== Provided material ==
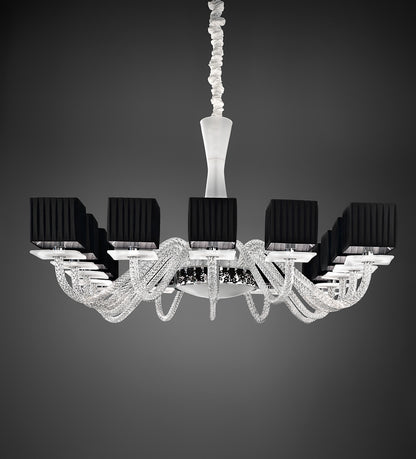 Lightsource Metropolitan Chandelier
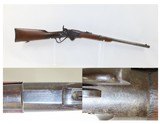 c1863 mfr Model 1860 SPENCER CAVALRY CARBINE .52 CIVIL WAR FRONTIER Antique Early Military Repeater - 1 of 18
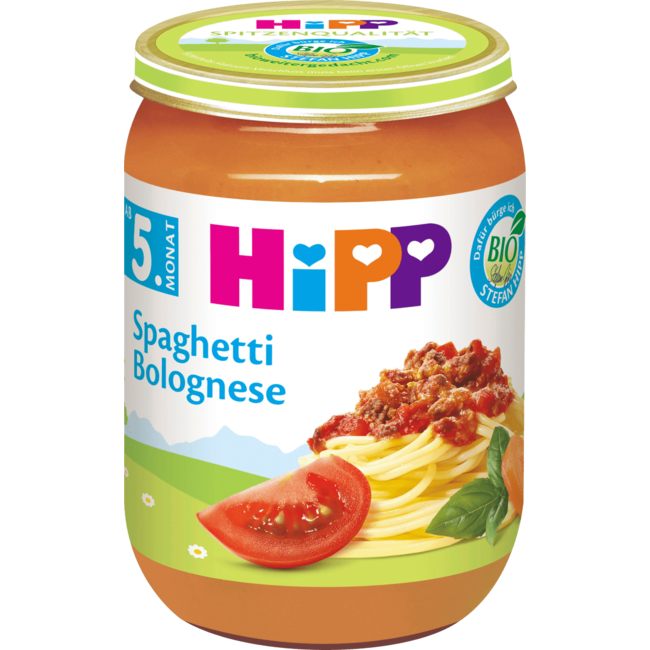 Hipp Menu Spaghetti Bolognese 190g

== What the task asks ==
Give back each line above verbatim, dropping every picture.

== Output ==
 Lightsource Metropolitan Chandelier
 c1863 mfr Model 1860 SPENCER CAVALRY CARBINE .52 CIVIL WAR FRONTIER Antique Early Military Repeater - 1 of 18
 Hipp Menu Spaghetti Bolognese 190g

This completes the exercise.